17 September 2014 - Graham Harrison

Photography Oxford 2014, Oxford’s first international festival of photography, was launched on Friday by Minister for Culture Ed Vaizey with the promise of bringing an ongoing debate about the medium to the city. By Graham Harrison.

The sense is of Fox Talbot, we are that close to the beginning. And as this festival is as intimate as the early work of the British inventor of photography it is worth catching Photography Oxford in its infancy, then following it.

Perhaps uniquely for a biennial festival, Photography Oxford will not disappear in the intervening year. On the 5th of October when the prints come down and the films and talks end, the dialogue about photography in Oxford will continue, says Festival Director Robin Laurance.

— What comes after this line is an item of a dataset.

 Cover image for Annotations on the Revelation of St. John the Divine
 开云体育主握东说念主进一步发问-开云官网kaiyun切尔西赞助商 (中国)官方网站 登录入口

Minister for Culture, Ed Vaizey, launches Photography Oxford in the Divinity School at the Bodleian Library on 12th September 2014. Standing left is Festival Trustee Dr Mark Alexander. Photo © Graham Harrison

Rolling Debate

Laurance, who, at Arles one year, conceived the idea of bringing an international photography festival to Oxford also hopes to bring the medium to academia and to keep it there. He anticipates, he says, a “rolling debate” about photography in the university city.

Not that that will be easy among the dreaming spires. Oxford’s oldest colleges, University, Balliol and Merton, were established at a time when the translated writings of Greek philosophers were challenging the status quo of the thirteenth century. The Church funded the colleges in the belief that they might help reconcile its position with the new world view. Of course, that never quite happened.

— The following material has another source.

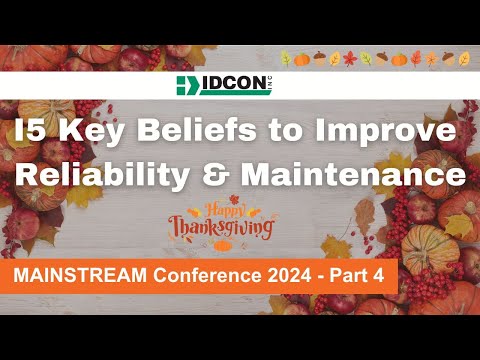 15 Key Beliefs to Improve Reliability and Maintenance (Part 4)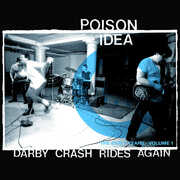 Darby Crash Rides Again (2024 Remastered Pressing) , Poison Idea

We need look no further than recent headlines to see how reactionary religion can be, how powerful the photographic image is in communicating a message and just how easily images can be used to manipulate public opinion.

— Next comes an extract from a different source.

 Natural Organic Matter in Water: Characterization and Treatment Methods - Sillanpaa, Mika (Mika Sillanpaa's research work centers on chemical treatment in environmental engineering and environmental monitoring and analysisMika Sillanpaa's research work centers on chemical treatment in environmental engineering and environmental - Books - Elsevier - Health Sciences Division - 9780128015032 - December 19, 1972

“Yet it is remarkable that you can study journalism but not photojournalism at Oxford,” said Laurance citing The Reuters Institute for the Study of Journalism for their “steadfast refusal to engage” with photography.

“How photography is used by politicians and how it informs and influences our perceptions demands analysis at an academic level,” says Laurance. “And those who use photography and employ photographers need to be included in that debate.”

The oldest surviving winner of a World Press Photo award, Louis Garnade, holds a print of his winning entry of a fire rescue in London in 1956. The print was presented to Louis at World Press Photo 2014, at Oxford Brookes University. Photo © Graham Harrison

Photographers make photographs, not agencies

One of Photography Oxford’s achievements has been to bring World Press Photo to Oxford before London this year.

Admitting that the exhibition venue, Oxford Brookes University in Headington, “Was not associated with photography,” Brookes’ Pro-Vice Chancellor Paul Inman, went on to tell a story about a mother of a Philippino architecture student looking at the exhibition and pointing to an image of the 2013 typhoon and exclaiming “That’s my home!” It’s the non-photography people who remind you of the power of photography, said Inman.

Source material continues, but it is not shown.